As practice closed at 9 p.m., the energy was high, players cheering each other on through the final conditioning drills.

Lichten pulled his team together and reminded them how rare it was to be cheered for coming to practice. The team broke its huddle with Lichten saying, “take a step,” and the team responding, “to the top.”

The practice started with the teams split into offensive and defensive groups with the offense running through a series of plays.

“If we’re going to expect these guys to play fast and tough, they have to know what they’re doing. So before we even run and stretch them, we make them mentally go through what they’re required to know,” Lichten said.

Lichten called them together for a brief exchange before conditioning.

“Do the little things well,” he said.

And later, “Either it matters to you or it doesn’t. Don’t tell me. Show me.”

In an hour-long interview Thursday, Lichten’s bearded 31-year-old face was stuck on one setting: Stern. His answers to questions were thoughtful, complete and usually assertive.

He said when he and his three full-time assistants were on the recruiting trail they were looking for players who had, in order, academic integrity, high moral character and a love for football.

That message resonated with Mike and Lee Roberts of Lynnwood, Washington, a town just outside Seattle. Their son, Haelin, is a wide receiver, one of the 61 freshmen in the first recruiting class, and they drove cross country to see him off.

“It was Mike and Kenny (Treschitta, the defensive coordinator). Quite frankly, they were honest,” Mike Roberts said.

“We felt we could trust our kids being here, and that the schooling would come first and then the football,” Lee Roberts added.

This year, UNE will play a nine-game schedule, all off campus. The first six games will be against New England Division III junior varsity teams, opening Sept. 2 at Curry College in Milton, Massachusetts. The final three games will be against prep schools, including an Oct. 21 game against Kirkland (New Jersey) Academy at Fitzpatrick Stadium in Portland.

The Nor’easters will be full varsity members of Commonwealth Coast Football in 2018.

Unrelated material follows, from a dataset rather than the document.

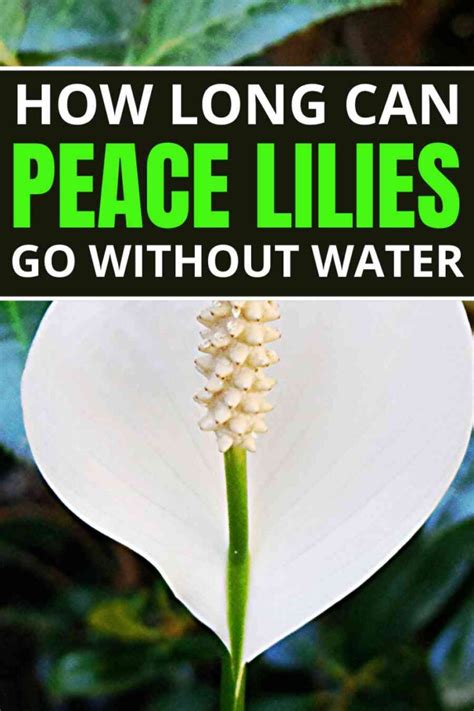 Can a Peace Lily Grow in Water? - Homestead Gardener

Lichten said playing a year at the junior varsity level is needed to “develop our players and get them used to playing college football. It’s a different speed, a different expectation. The preparation is different. Everything is a little different from what they’re used to, and to shield them from what’s going to be expected when we’re a varsity program in 2018 would not be beneficial to their development.”

Playing a year of JV also gives UNE a better chance of immediate success, according to Bowdoin Coach JB Wells.

Wells was the first football coach at Endicott College, which played a JV schedule in 2002, then went a respectable 4-4 in its first varsity season.

“Teams that have played varsity right away have unanimously failed in that first year, and if you unanimously fail then it’s tough to come back,” Wells said.

Wells said UNE and Lichten are facing a stronger competitive environment than when Endicott entered. But Lichten will have put together two full recruiting classes before the first varsity game (Wells had one).

“I did talk to Mike, but I didn’t have to tell him anything,” Wells said. “He’s a good football coach and he was able to win at the last place (Becker College) with a lot fewer resources than he has now, with UNE’s academics and its graduate programs.”

As the players jogged to the field, they went past the construction zone where a 35,000-square foot addition to Alfond Forum is well on its way to completion.

When finished – expected by the end of the first semester – it will include a 6,000-square foot multiuse function room, academic space, additional locker rooms (including a new space for football), and expanded areas for strength and conditioning and athletic training.